11. On that basis, the trial court arrived at the conclusion that in the absence of any evidence, oral or documentary, the chances are that whatever cash, clothes or ornaments were given at the time of marriage, was as per the prevailing customs in the community and it was not the result of any demand made by the appellant.
12. In so far as question Nos.2 and 3 are concerned, they were taken up together by the trial court. In the first instance, the trial court pointed out that though the complainant got the information about the death of Laxmi on 22nd May, 1993, he lodged delayed complaint on 26th May, 1993 i.e. four days thereafter. From the statement of PW-1 in the cross- examination that Laxmi was staying in her matrimonial house and visited her parental house 5-6 times alongwith her husband and even stayed there with her husband for some days and also from the admission of PW-1 that even they were visiting matrimonial house of Laxmi and had visited her house for 5-6 times within a span of six months, the trial court observed that it was an indication that the relationship of husband and wife was cordial and with mutual love towards each other. Even, PW-2 and PW-3 had admitted these facts in their cross-examination. The trial court further observed that when the giving of dowry on the demand of the accused persons was not established, it was not possible to believe that they were demanding the alleged remaining dowry amount of Rs.3,000/- and giving pinpricks to her for not fulfilling the said demand. According to the trial court, it was significant that PW-3 who is the natural mother of the deceased did not even state that Laxmi was being harassed for not bringing the balance dowry amount. She had rather admitted that her daughter was happy for the first three months and also accepted in her cross-examination that she had not told the Police about living peaceful life only for three months. She also admitted that she never told the Police about giving of dowry of Rs.2,000/- and demand of balance amount which remained unpaid. The trial court analysed the testimony of PW-4, PW-5 and PW-6 on this aspect and pointed out that the allegation of demand of dowry could not be proved from their testimony either. The discussion on this aspect is concluded in the following manner:
“(27) After the marriage during the period of 6 months it was not mentioned in the complaint that the accused have assaulted Lakshmamma physically and thrown out of the house nor stated the same before the court. Neither the villagers wherein the accused are residing nor their neighbors have given any evidence before the court about pinpricks meted out to her. As against which D.W.1 Ramakrishnappa, aged 56 years, said that, from the beginning till the death of Lakshamma the accused persons looked after here well and not given any pinpricks to her, he further told that on that day she came to well for washing the cloth and due to slip of her leg she fell in the well and he came to know about the same. In his cross-examination no other statement was given on behalf of prosecution.

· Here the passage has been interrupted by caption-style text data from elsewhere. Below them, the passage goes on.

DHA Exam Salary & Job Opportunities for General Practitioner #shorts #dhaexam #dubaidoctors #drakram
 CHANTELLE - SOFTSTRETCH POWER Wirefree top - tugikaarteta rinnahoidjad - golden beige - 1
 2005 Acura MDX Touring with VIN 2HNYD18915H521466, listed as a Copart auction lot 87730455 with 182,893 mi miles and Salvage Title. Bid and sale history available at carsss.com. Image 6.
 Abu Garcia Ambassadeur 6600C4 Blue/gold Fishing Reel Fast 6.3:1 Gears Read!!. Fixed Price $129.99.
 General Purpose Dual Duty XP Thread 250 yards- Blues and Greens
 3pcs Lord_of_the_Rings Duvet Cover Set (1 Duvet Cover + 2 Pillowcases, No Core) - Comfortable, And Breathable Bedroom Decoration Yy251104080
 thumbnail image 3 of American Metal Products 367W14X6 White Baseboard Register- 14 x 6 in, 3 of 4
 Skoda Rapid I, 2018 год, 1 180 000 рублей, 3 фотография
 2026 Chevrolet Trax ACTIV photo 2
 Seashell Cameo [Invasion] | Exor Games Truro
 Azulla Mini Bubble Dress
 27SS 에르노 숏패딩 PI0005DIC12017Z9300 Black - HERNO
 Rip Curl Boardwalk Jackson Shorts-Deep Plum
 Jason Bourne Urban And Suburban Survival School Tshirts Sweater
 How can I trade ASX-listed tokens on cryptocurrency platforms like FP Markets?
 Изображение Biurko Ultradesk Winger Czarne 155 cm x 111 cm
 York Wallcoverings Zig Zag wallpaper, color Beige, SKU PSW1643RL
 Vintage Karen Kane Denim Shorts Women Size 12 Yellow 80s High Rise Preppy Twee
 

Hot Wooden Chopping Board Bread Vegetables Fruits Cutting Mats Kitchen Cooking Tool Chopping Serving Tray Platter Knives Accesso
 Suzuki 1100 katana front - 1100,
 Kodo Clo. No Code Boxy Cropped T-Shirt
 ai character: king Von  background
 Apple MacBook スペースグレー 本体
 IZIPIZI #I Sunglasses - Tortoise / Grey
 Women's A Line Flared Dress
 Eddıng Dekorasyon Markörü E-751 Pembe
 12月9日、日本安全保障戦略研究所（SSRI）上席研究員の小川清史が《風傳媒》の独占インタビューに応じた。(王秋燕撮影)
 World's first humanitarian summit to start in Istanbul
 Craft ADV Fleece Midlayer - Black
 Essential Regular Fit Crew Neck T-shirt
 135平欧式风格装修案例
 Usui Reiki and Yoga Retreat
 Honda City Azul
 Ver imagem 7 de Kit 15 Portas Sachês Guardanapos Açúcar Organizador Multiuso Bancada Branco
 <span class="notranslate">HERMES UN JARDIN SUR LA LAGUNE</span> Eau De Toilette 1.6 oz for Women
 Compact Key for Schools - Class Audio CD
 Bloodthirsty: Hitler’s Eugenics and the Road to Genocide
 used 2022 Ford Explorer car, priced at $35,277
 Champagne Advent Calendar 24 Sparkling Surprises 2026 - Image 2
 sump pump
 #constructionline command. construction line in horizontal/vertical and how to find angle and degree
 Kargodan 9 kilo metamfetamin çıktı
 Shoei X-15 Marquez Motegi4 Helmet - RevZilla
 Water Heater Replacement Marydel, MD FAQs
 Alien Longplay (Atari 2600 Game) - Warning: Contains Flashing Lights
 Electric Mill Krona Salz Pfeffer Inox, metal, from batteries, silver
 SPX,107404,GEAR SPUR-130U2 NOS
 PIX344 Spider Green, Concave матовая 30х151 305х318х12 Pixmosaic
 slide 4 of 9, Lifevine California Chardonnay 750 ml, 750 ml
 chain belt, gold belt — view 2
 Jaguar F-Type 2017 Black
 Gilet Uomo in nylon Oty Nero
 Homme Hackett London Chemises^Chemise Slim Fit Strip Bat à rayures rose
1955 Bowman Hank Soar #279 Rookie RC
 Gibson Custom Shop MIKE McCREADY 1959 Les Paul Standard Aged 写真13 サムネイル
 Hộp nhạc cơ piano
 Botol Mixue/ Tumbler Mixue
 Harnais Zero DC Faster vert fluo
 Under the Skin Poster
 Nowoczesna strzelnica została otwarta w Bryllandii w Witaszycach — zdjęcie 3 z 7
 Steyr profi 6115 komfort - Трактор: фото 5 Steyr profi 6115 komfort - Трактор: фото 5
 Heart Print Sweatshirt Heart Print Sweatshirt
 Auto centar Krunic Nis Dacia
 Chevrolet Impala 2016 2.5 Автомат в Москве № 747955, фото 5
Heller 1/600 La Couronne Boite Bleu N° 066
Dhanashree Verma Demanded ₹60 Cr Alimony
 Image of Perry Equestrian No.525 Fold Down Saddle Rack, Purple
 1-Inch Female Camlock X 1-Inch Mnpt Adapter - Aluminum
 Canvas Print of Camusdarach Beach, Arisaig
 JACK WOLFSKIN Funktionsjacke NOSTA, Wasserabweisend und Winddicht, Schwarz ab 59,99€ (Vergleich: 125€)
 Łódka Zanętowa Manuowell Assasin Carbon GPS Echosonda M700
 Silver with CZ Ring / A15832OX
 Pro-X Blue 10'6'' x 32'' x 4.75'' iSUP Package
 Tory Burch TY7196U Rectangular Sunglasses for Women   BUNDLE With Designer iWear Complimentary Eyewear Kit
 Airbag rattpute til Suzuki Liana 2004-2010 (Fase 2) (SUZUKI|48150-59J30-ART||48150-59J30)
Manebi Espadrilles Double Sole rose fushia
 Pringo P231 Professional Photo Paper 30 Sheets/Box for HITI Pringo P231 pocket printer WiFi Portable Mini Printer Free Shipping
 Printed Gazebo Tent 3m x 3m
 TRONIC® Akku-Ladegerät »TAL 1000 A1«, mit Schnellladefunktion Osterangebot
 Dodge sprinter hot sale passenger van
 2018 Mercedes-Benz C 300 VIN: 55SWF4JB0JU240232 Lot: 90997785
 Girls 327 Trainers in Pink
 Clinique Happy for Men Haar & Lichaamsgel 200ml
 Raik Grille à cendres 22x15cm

(28) It is an arranged marriage in the presence of elders, in the event of giving any pinpricks about dowry harassment, this matter would have been brought to the notice of elders and convene a panchayath. But it never revealed anywhere about conveying the panchayath. Hence it is hereby seen that the accused or her husband had not given pinpricks either in the matter of dowry or in any other matter. It cannot be said that she has committed for the said reason. Hence I answer both the questions Negatively.”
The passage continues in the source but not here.